Alternative argument to show that function diverges everywhere

Consider the function:

$$f(x) = x^{\frac{1}{2}} + \frac{1}{2}x^{-\frac{1}{2}} +\frac{2}{3}x^{\frac{3}{2}} - \frac{1}{4}x^{-\frac{3}{2}} +\frac{1}{15}x^{\frac{5}{2}} + \cdots$$

which is constructed such that $f$ is (or at least looks like) a solution to $f' = f$.

Then, $f(x) = Ae^x$ for some constant $A$. But $f$ diverges at $x=0$, so "$A=\pm\infty$" and $f$ diverges everywhere.

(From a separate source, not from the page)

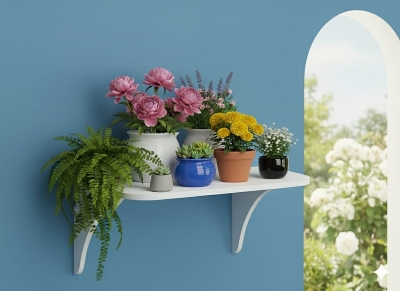 Picture of Floating Shelf Wall Wood Hanging Rope Durable Rack for Living Room Bedroom Bathroom Kitchen Decorative Rack Stand Self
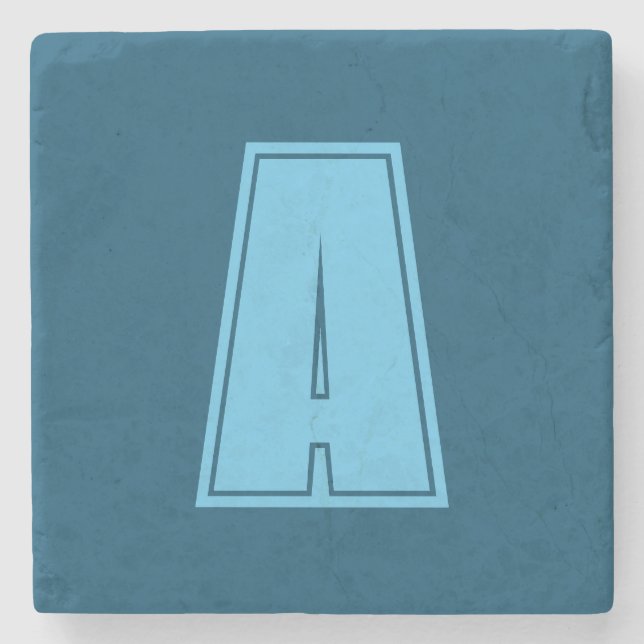 Ocean & Himlar Blue Initial Monogram Calligraphy C Stenunderlägg (Framsidan)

I appreciate that this is hardly rigorous, and that a rigorous proof could be given through analytical methods. But is the concept of the argument flawed in any way, and could it be made rigorous?

Solution 1:

Clearly, $$ f(x)=\sum_{n=0}^\infty \frac{4^n n!}{(2n+1)!}x^{(2n+1)/2} +\sum_{n=0}^\infty \frac{(2n-1)!}{4^n (n-1)!}x^{-(2n+1)/2} $$ The first term converges when $0<x$ while the radius of convergence of the second term is $R=0$.

Hence the function is nowhere definable!